Your Friday prompt for Stream of Consciousness Saturday is “page.” Use it as a noun or a verb. Have fun!
As I drank my coffee this morning, I glanced around the living room and thought to myself, ”its starting to look like old people live here.” Since we have been in the deep freeze, blankets are strewn about, theres my blood pressure machine on the end table, and on David’s end table are lotions, and Kleenex next to a small catch-all cart.
I turned the page in my book on Understanding Your Grief, answered the prompt in my accompanying journal and set it aside. I’d clean all this stuff up later, when we get back from going to get a new floor lamp to go next to the recliner so I can see to crochet better. What? Yes, I’ve taken it up again, not because I’m old, but because it’s supposed to be relaxing. I’m determined to do it right and make myself a new shawl, and when I have that done, I may do like Dar and start some projects for the needy.

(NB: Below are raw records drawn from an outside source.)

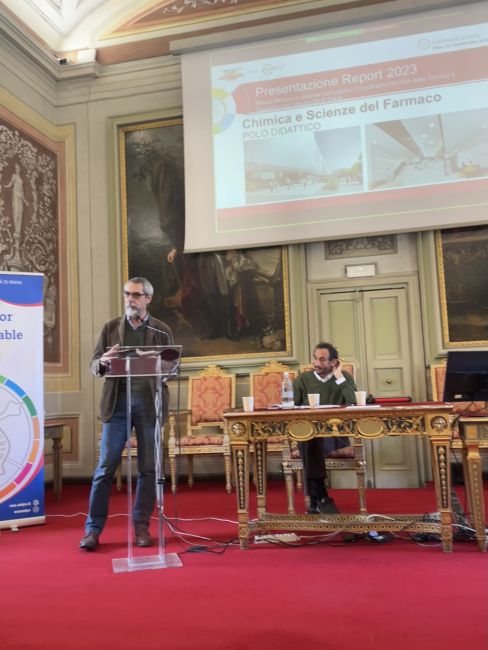 L'intervento di Mauro Mericco durante la presentazione del Report di Sostenibilità UniPv 2023.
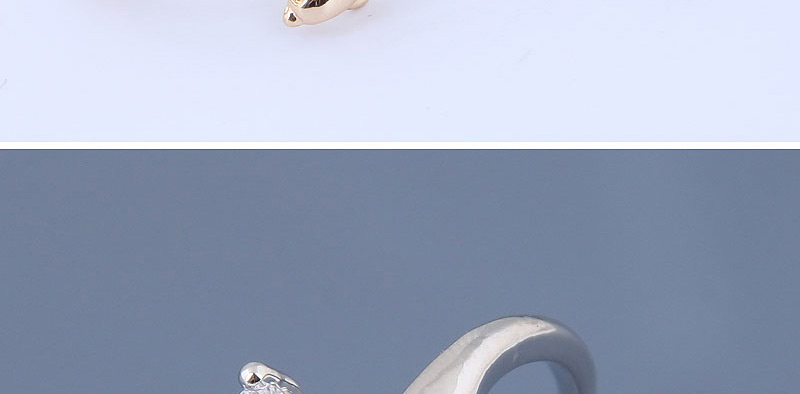 Fashion Gold Zircon Dolphin Open Ring,Rings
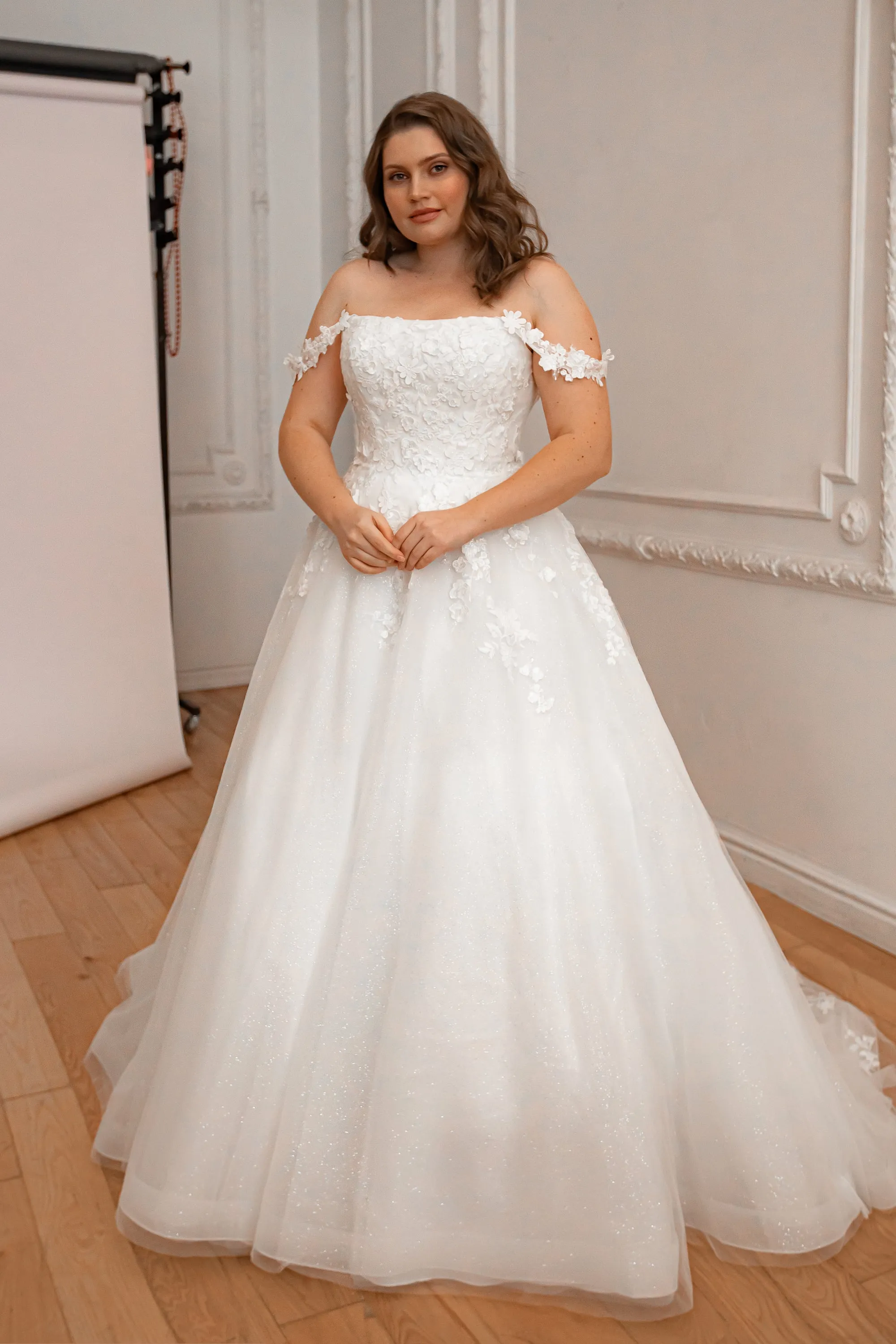Plus Size Floral Lace Tulle Wedding Dress Yoki with Detachable Straps sold by Olivia Bottega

Maybe I’m turning a new page in my quest to help others, now that I have more time. If I volunteer somewhere or get a part-time job, then my time won’t be mine anymore…it’s a hard decision, one I’m still pondering. If I got good at this craft, I could spend my extra time making hats, scarves, and shawls for the homeless and still be helping people. Wait, I’ve gone off track, I was talking about how we are starting to look like an old couple.
Maybe our upcoming romantic trip to Eureka Springs will change my perspective. Then again, it could also solidify the inevitable truth…one I seem to refuse to accept. We are getting old. No! No, I refuse to cave in to that notion, you’re as young as you feel, after all. Too bad I feel cold and creaky right now. Where’s my blanket?